[Information shown]
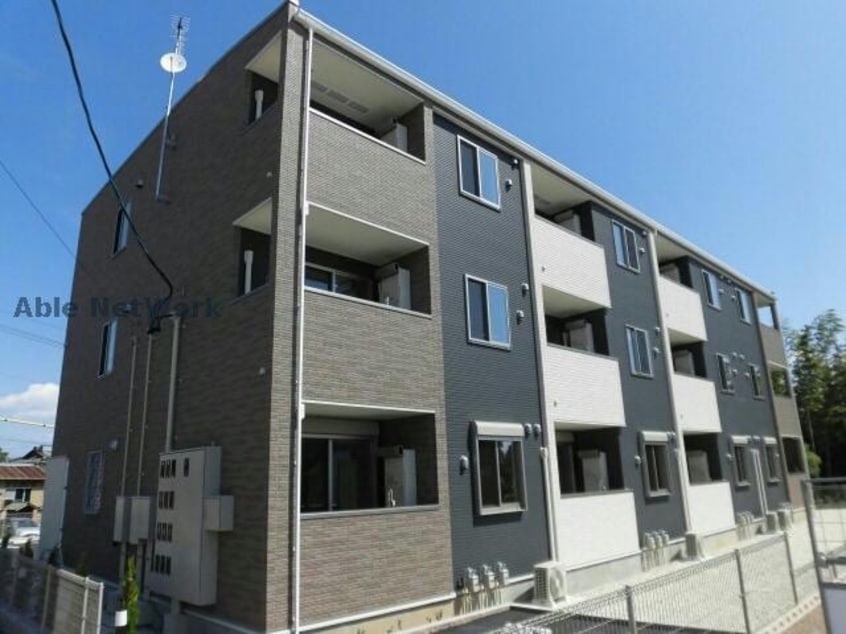  Ｎ．Ｔ．Ｋ柿の木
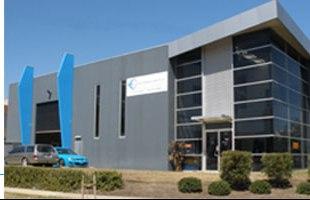Advanced Engineering Australia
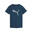 Tricou PUMA Graphics Lace Cat pentru femei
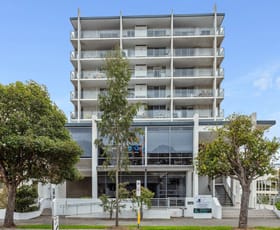 Offices commercial property for sale at 46/1008 Wellington Street West Perth WA 6005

[Exercise requirements] Where images occur in the data above, leave them out and repeat everything else exactly.

[Task result]
  Ｎ．Ｔ．Ｋ柿の木
Advanced Engineering Australia
 Tricou PUMA Graphics Lace Cat pentru femei
 Offices commercial property for sale at 46/1008 Wellington Street West Perth WA 6005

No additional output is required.